(STORED DATA)

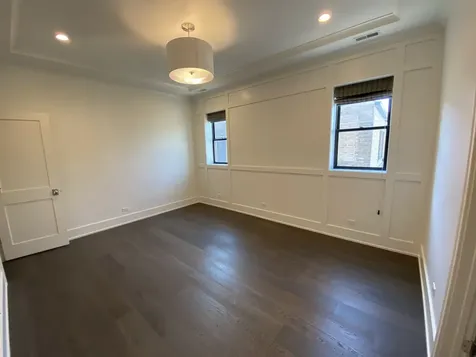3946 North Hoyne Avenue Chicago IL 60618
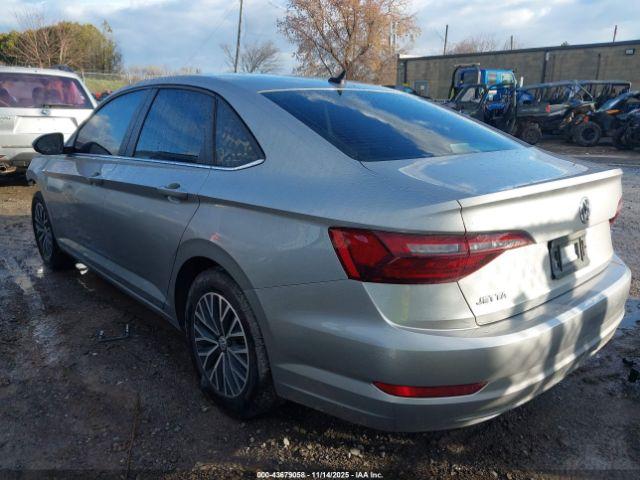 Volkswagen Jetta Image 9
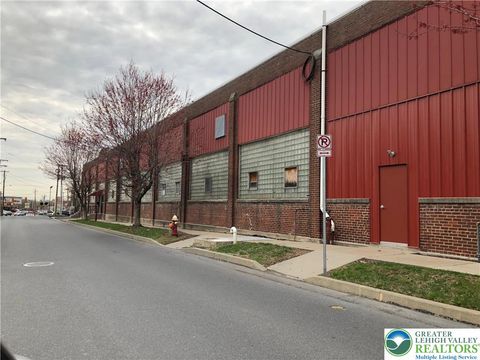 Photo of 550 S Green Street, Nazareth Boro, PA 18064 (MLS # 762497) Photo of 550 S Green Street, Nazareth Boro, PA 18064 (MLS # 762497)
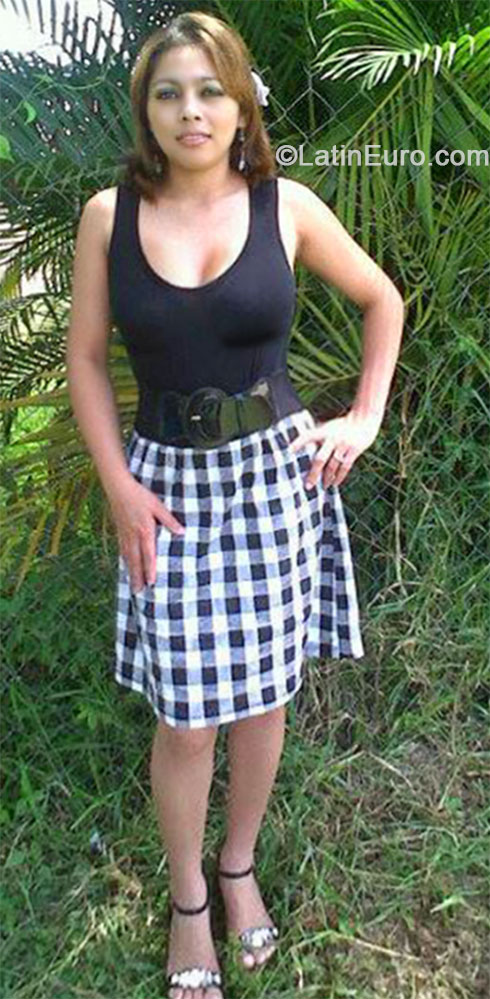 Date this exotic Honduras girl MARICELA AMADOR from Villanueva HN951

(End STORED DATA)

# BRIEF
Quote the material above exactly, from the line holding "# 762497) Photo" through its last line, including both. Omit the pictures.

# RESPONSE BOX
 Photo of 550 S Green Street, Nazareth Boro, PA 18064 (MLS # 762497) Photo of 550 S Green Street, Nazareth Boro, PA 18064 (MLS # 762497)
 Date this exotic Honduras girl MARICELA AMADOR from Villanueva HN951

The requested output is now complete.